Atlanta DUI Lawyer
At the Georgia Administrative License Suspension (ALS) hearing, you can prevent your license from being automatically suspended. It is also a good opportunity to get testimony from the officer and determine the strengths and weaknesses of the State’s case against you.
Georgia ALS Hearing
When a driver is arrested for DUI, the officer takes away their license and they are issued a temporary permit that allows them to drive for 45 days. At this point the driver has two options, request in writing an ALS hearing or apply for an ignition interlock device limited permit. Either one of these two options must be completed within 30 calendar days of the arrest or their driver’s license will be suspended for one year.
Furthermore, you can only choose one of these options. If you request an ALS hearing, then you cannot apply for an ignition interlock device limited permit. And if you apply for an ignition interlock device limited permit, you waive your right to an ALS hearing.
A Georgia ALS hearing will determine whether or not your license will be suspended before your DUI case is scheduled for trial. At the hearing, your license will either be reinstated or your license will be suspended for a full 12-month period. If your license is suspended, you cannot drive at all for a full 12-month period and you are not eligible for a limited driving permit or work permit.

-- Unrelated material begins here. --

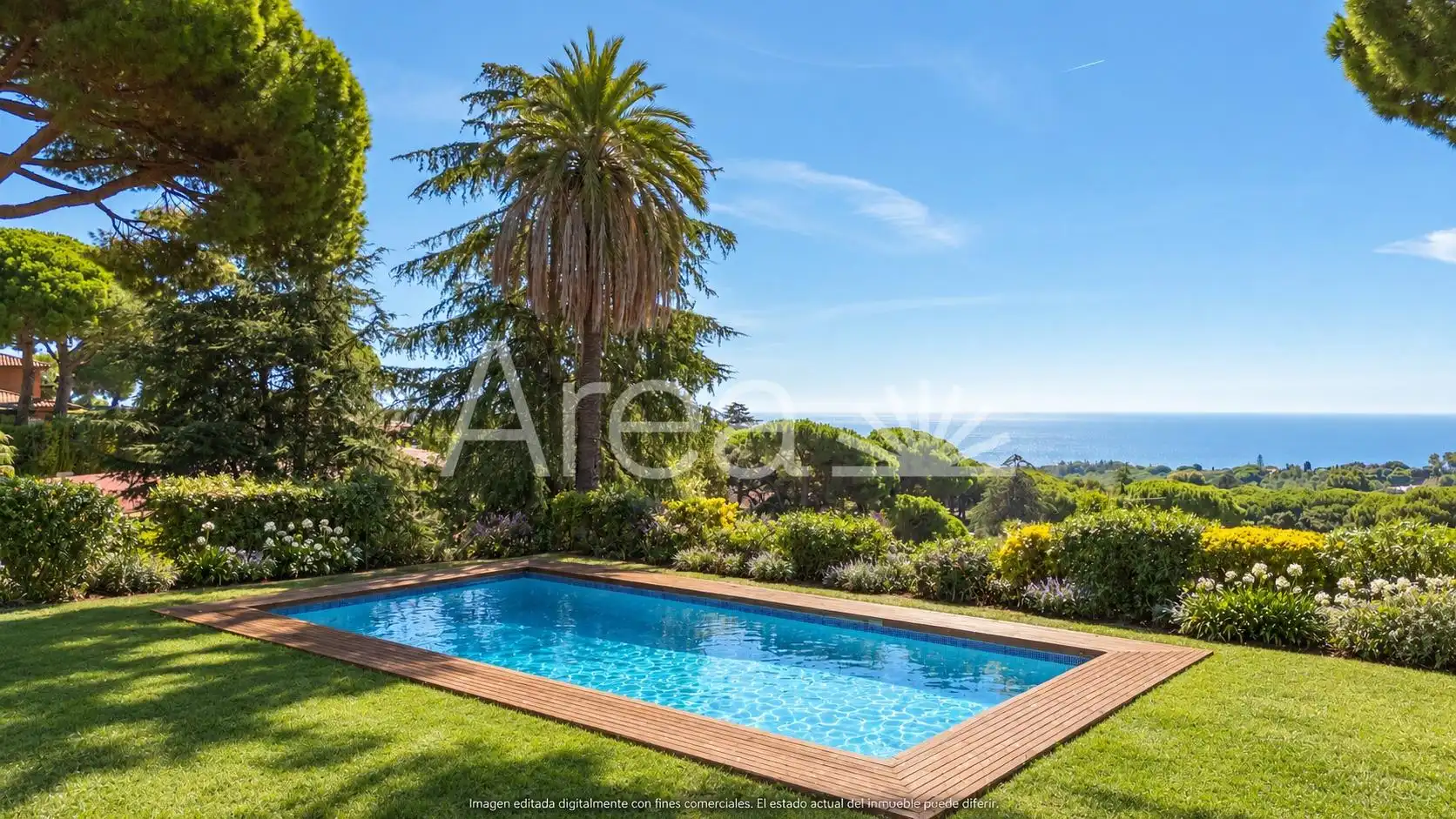 Swimming pool of Houses for sale in Rocaferrera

The point of the Georgia ALS hearing is not to determine whether or not you are guilty of a DUI. Rather, the scope of the hearing is to determine three issues: (1) whether the officer had reasonable grounds to believe the person was DUI and lawfully placed them under arrest OR the driver was involved in an accident resulting in serious injury or fatality, (2) whether the person was informed of their implied consent rights (the rights a person has when submitting to a DUI breath, blood, or urine test) and the consequences, and (3) whether the person refused or submitted to a properly administered test.